Question: Our internist recently administered varicella vaccine to a new 23-year-old patient. The patient had no other problems or complaints. Our doctor took a brief history and family history prior to the administration of the vaccine. What codes should I report for the visit? Since the patient is a new patient to our practice, should I bill an E/M code in addition to the vaccine administration codes?
Texas Subscriber
Answer: You should not report an E/M visit code just because your physician provided services to a new patient. You will have to base your decision on whether or not to report an E/M code for the visit based on why the patient came to see your clinician in the first place and on whether the services provided by your clinician would qualify you to report an E/M service independent of the vaccination or not.
In your case, your clinician only recorded a brief personal and family history, so this would not be enough to warrant you to report a new patient E/M service code, because those codes also require a level of exam and medical decision making that is missing from this encounter. The history taken by the provider will just be part of care that was provided prior to administration of the varicella vaccine and should not be reported separately.
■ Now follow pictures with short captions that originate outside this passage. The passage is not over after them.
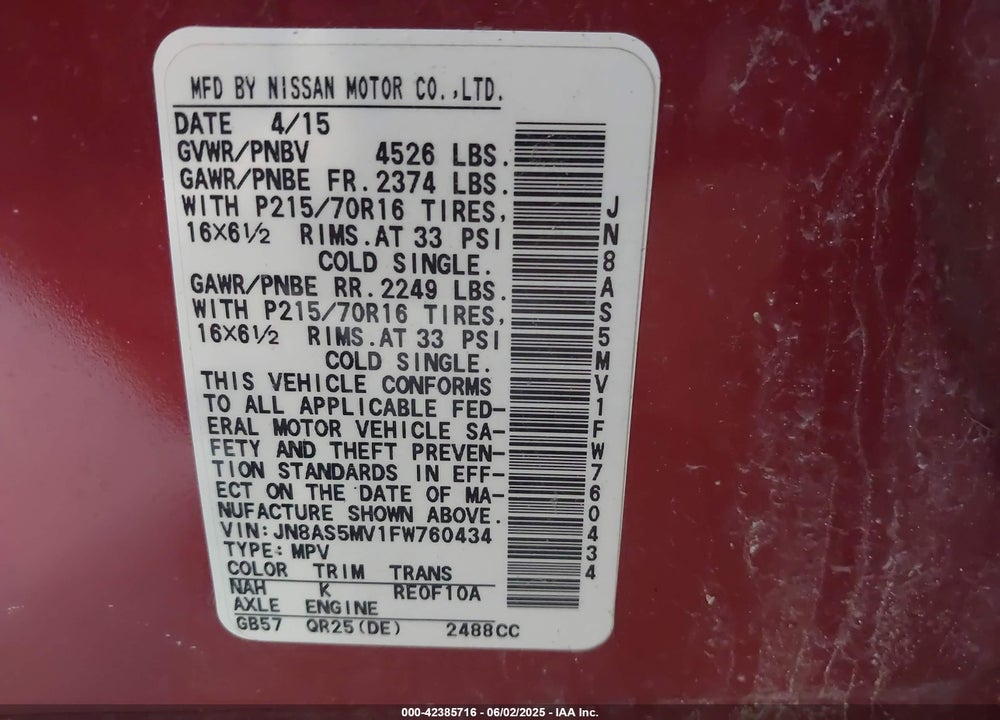 2015 NISSAN ROGUE SELECT VIN: JN8AS5MV1FW760434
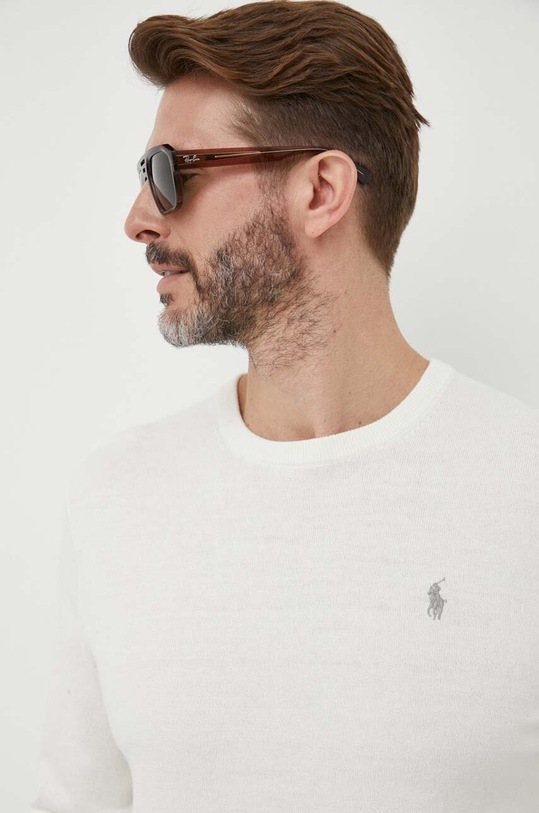 Odzież Polo Ralph Lauren sweter z domieszką kaszmiru 710866549 biały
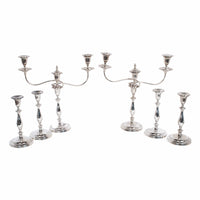 Antique Sterling Silver Set Six Candelarbra Candlesticks Ellis & Co London 1925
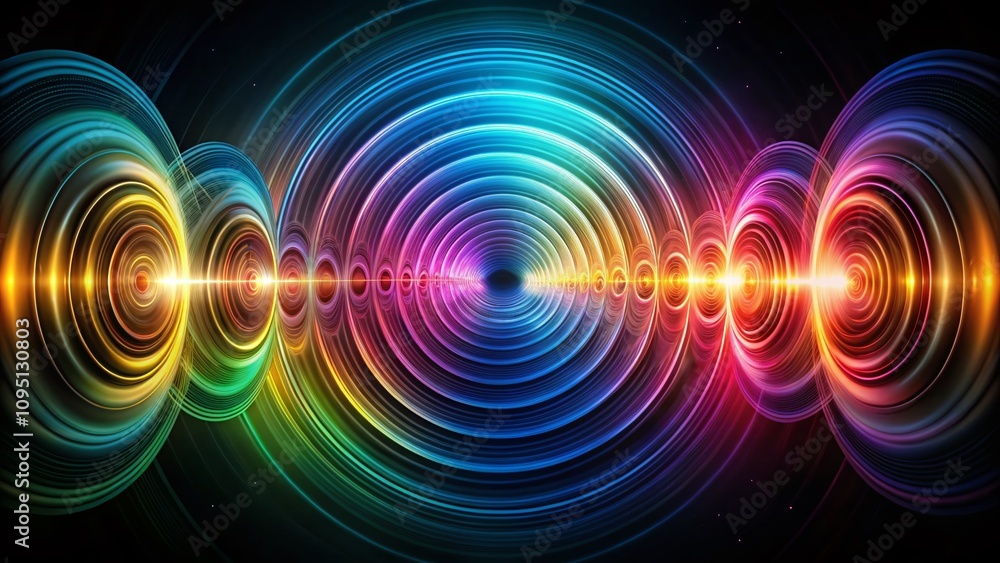 Surreal Representation of Sound Pulsation Circles Depicting Radio Waves on a Black Background with Vibrant Color Contrast and Dreamlike Effects Surreal Representation of Sound Pulsation Circles Depicting Radio Waves on a Black Background with Vibrant Color Contrast and Dreamlike Effects
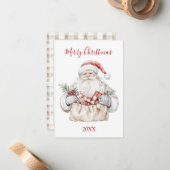 Santa with Presents Christmas Notitiekaartje (Voorkant / Achterkant in situ)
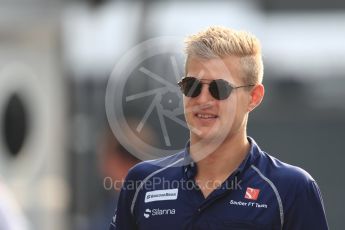 World © Octane Photographic Ltd. Sauber F1 Team C35 – Marcus Ericsson. Sunday 4th September 2016, F1 Italian GP Paddock, Monza, Italy. Digital Ref :1708LB1D9477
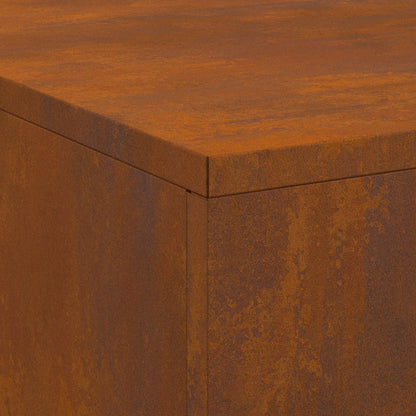 Vuurkorf Met Houtopslag 100X100X30 Cm Weerbestendig Staal Verweerd staal/Bruin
On the other hand, if the patient had an illness or condition that needed evaluation and management separate from the basic evaluation that your clinician did prior to the vaccine administration, you can look at reporting an E/M additionally. However, you will need a modifier such as 25 (Significant, separately identifiable evaluation and management service by the same physician or other qualified health care professional on the same day of the procedure or other service) appended to the E/M code to let the payer know that both the services were separate and that the work of the E/M was over and above that typically associated with the vaccine administration.
You will have to report the vaccine administration with the CPT® code, 90471 (Immunization administration [includes percutaneous, intradermal, subcutaneous, or intramuscular injections]; 1 vaccine [single or combination vaccine/toxoid]) because only one vaccine was provided during the encounter. You will have to report the vaccine with 90716 (Varicella virus vaccine, live, for subcutaneous use). You will have to report V05.4 (Need for prophylactic vaccination and inoculation against varicella) and link it to the administration code and the vaccine code.